Task requirements: The required output is the exact text of the lines from the line containing "Starla Short - Atlas Blue" through the final line below, inclusive, without pictures.

** Opening Data block **

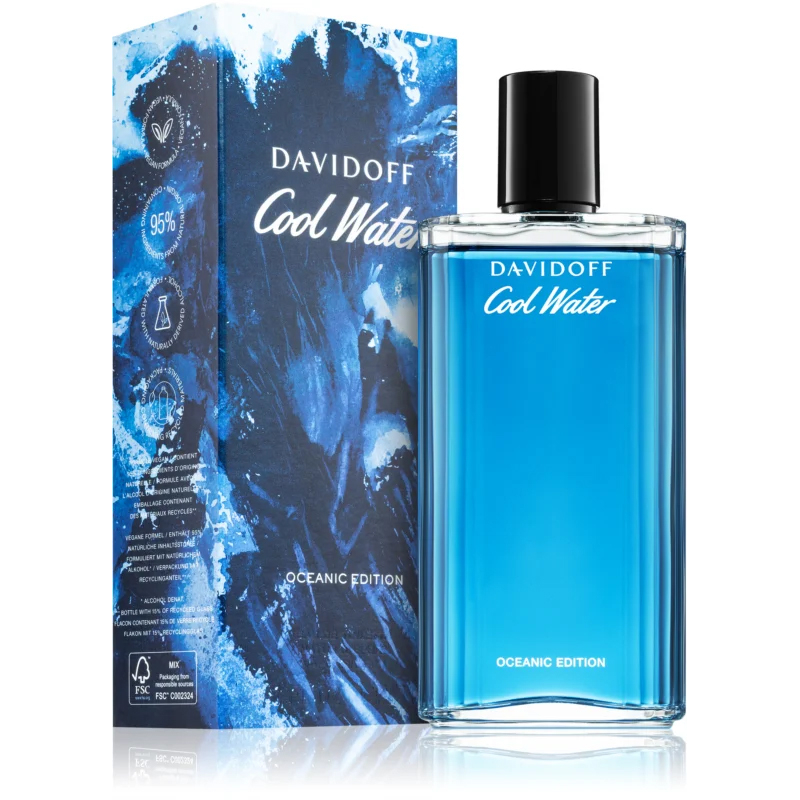 'Cool Water Oceanic Edition' Eau De Toilette - 125 ml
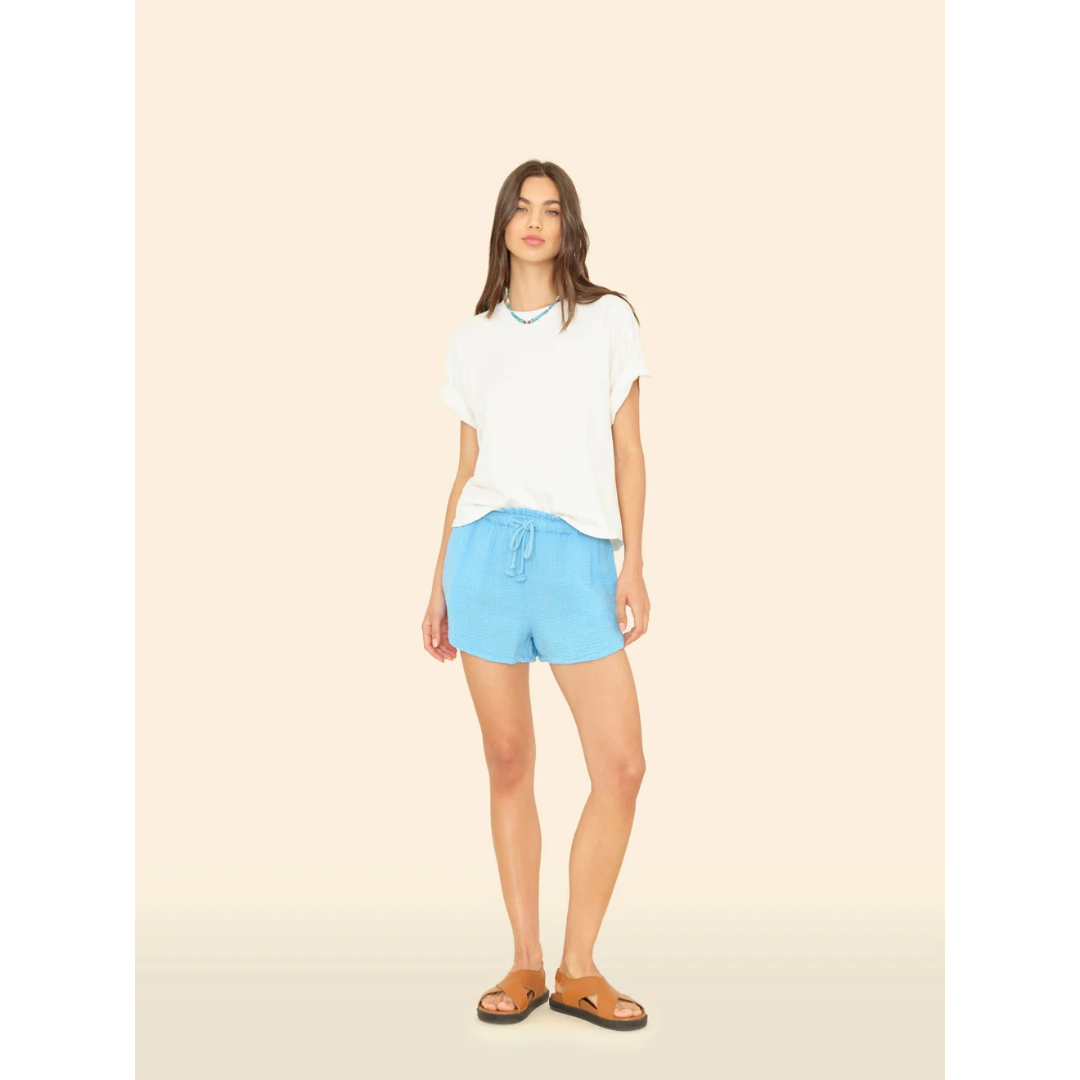 Starla Short - Atlas Blue
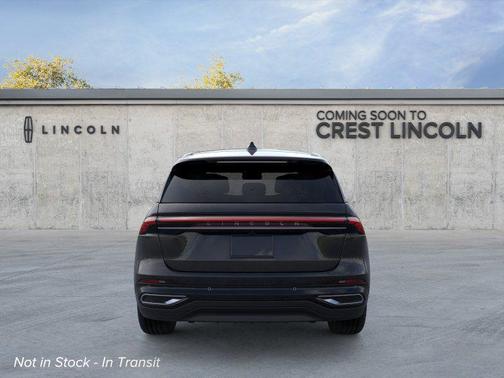 Infinite Black Metallic Clearcoat 2026 Lincoln Nautilus Premiere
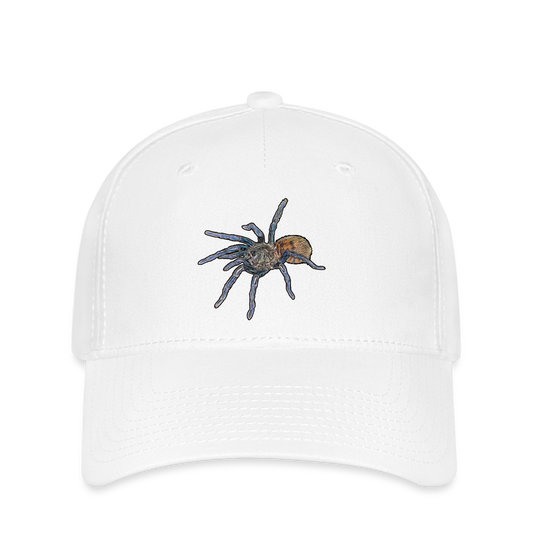 Flexfit Cap Chromatopelma cyaneopubescens - weiß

** Closing Data block **

Response below:
 Starla Short - Atlas Blue
 Infinite Black Metallic Clearcoat 2026 Lincoln Nautilus Premiere
 Flexfit Cap Chromatopelma cyaneopubescens - weiß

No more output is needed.